WORK INSTRUCTION: For this exercise, reproduce the entries below exactly, but only from the line containing "Used BMW 5 Series" through the line containing "2023 Toyota RAV4 XLE Premium photo 1", both included.

--*--

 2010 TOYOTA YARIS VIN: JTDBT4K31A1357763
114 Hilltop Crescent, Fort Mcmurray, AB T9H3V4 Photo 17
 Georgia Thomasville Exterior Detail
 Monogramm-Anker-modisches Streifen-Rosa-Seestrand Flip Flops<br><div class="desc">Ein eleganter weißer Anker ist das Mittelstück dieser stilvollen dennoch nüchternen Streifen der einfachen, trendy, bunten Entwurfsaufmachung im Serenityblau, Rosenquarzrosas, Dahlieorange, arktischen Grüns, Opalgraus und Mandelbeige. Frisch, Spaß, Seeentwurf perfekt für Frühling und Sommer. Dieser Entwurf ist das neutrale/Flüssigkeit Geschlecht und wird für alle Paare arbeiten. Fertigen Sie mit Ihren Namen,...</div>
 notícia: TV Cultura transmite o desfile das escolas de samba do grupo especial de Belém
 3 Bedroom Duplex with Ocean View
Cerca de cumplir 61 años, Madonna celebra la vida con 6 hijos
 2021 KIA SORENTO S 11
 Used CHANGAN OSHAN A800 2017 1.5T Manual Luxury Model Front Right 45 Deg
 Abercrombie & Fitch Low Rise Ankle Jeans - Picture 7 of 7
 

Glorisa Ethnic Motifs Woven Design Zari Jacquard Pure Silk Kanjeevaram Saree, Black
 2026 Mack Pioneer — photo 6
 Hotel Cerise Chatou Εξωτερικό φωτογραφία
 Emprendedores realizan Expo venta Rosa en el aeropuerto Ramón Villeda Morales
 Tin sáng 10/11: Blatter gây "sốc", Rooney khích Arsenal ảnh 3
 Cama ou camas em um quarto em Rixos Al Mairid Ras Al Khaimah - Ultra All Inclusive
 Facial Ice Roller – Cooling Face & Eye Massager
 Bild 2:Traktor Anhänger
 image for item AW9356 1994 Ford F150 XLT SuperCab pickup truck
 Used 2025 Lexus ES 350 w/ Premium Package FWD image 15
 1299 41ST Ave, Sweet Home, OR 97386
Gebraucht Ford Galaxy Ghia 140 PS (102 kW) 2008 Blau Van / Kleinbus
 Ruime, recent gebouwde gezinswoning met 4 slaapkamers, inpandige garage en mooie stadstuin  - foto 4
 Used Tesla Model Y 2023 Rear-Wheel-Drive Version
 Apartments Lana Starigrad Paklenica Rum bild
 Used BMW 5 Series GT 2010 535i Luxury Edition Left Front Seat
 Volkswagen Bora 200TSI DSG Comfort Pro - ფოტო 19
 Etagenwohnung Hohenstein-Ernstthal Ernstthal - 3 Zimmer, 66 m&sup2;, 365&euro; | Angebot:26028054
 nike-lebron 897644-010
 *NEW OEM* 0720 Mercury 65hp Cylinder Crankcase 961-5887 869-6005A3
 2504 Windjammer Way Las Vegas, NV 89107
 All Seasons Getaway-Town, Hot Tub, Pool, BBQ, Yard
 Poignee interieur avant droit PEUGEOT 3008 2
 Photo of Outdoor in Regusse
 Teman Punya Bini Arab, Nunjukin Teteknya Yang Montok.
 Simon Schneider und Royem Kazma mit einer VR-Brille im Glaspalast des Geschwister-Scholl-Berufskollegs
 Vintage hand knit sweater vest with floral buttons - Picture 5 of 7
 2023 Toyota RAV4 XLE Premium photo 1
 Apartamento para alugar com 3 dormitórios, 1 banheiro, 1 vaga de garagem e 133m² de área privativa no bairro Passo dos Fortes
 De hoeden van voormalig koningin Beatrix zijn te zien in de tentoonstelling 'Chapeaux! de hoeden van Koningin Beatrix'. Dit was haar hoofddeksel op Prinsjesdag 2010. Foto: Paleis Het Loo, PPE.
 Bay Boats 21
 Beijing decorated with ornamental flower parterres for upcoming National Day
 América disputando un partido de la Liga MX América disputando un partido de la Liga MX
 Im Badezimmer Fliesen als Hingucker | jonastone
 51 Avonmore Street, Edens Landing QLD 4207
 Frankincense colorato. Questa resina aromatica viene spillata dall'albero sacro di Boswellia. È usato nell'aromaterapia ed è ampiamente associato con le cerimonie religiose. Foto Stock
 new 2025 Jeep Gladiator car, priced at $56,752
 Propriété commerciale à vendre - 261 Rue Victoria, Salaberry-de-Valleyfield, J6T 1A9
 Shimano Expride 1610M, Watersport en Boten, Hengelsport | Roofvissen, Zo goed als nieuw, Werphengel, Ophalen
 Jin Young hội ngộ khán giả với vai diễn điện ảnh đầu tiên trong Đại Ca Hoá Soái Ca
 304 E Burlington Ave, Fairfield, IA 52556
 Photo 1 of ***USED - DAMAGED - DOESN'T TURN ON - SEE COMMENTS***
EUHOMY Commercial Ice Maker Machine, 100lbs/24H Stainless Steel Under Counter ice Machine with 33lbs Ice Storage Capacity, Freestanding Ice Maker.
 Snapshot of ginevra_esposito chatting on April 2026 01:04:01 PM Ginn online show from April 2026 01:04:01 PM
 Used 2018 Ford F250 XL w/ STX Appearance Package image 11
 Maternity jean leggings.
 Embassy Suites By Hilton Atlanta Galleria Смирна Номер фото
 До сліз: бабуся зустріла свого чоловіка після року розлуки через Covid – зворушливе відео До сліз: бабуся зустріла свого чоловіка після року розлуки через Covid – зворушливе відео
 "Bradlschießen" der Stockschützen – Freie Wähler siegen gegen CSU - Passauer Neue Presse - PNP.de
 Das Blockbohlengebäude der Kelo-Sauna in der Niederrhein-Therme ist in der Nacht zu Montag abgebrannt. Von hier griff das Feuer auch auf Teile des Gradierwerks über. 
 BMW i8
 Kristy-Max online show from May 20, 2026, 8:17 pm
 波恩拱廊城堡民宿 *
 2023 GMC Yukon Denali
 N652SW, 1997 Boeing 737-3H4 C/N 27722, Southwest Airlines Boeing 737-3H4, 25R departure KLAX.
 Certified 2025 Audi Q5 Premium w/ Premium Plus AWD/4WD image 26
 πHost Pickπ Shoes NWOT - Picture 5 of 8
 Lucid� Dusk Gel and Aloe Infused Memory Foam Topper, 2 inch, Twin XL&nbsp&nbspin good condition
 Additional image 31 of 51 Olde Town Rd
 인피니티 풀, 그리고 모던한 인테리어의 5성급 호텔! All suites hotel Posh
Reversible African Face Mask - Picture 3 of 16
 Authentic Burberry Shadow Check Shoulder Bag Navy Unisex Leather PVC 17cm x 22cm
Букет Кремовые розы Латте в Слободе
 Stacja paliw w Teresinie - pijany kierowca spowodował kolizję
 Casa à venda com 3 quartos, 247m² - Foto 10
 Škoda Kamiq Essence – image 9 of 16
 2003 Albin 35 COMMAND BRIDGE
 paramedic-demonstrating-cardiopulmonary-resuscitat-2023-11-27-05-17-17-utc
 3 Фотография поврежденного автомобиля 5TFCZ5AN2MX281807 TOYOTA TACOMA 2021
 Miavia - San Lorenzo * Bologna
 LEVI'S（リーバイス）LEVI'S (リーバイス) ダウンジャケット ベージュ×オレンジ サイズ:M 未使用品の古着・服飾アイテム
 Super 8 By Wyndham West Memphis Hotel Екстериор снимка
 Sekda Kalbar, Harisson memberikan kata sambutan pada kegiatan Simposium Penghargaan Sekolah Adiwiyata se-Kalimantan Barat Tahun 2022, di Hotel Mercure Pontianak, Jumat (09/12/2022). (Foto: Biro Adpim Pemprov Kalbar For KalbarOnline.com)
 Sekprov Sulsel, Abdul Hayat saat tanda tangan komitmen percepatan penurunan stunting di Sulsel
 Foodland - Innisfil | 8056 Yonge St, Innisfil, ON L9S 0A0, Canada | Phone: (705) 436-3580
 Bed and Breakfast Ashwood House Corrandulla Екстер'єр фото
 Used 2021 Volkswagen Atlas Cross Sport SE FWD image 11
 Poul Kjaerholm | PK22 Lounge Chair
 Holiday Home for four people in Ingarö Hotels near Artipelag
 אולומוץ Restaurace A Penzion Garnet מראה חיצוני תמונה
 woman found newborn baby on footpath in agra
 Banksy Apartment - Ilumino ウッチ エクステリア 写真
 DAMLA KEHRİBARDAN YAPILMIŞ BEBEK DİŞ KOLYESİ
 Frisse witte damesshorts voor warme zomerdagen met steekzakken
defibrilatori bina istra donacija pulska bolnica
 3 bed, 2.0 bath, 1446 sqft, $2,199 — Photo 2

--*--

REPLY:
 Used BMW 5 Series GT 2010 535i Luxury Edition Left Front Seat
 Volkswagen Bora 200TSI DSG Comfort Pro - ფოტო 19
 Etagenwohnung Hohenstein-Ernstthal Ernstthal - 3 Zimmer, 66 m&sup2;, 365&euro; | Angebot:26028054
 nike-lebron 897644-010
 *NEW OEM* 0720 Mercury 65hp Cylinder Crankcase 961-5887 869-6005A3
 2504 Windjammer Way Las Vegas, NV 89107
 All Seasons Getaway-Town, Hot Tub, Pool, BBQ, Yard
 Poignee interieur avant droit PEUGEOT 3008 2
 Photo of Outdoor in Regusse
 Teman Punya Bini Arab, Nunjukin Teteknya Yang Montok.
 Simon Schneider und Royem Kazma mit einer VR-Brille im Glaspalast des Geschwister-Scholl-Berufskollegs
 Vintage hand knit sweater vest with floral buttons - Picture 5 of 7
 2023 Toyota RAV4 XLE Premium photo 1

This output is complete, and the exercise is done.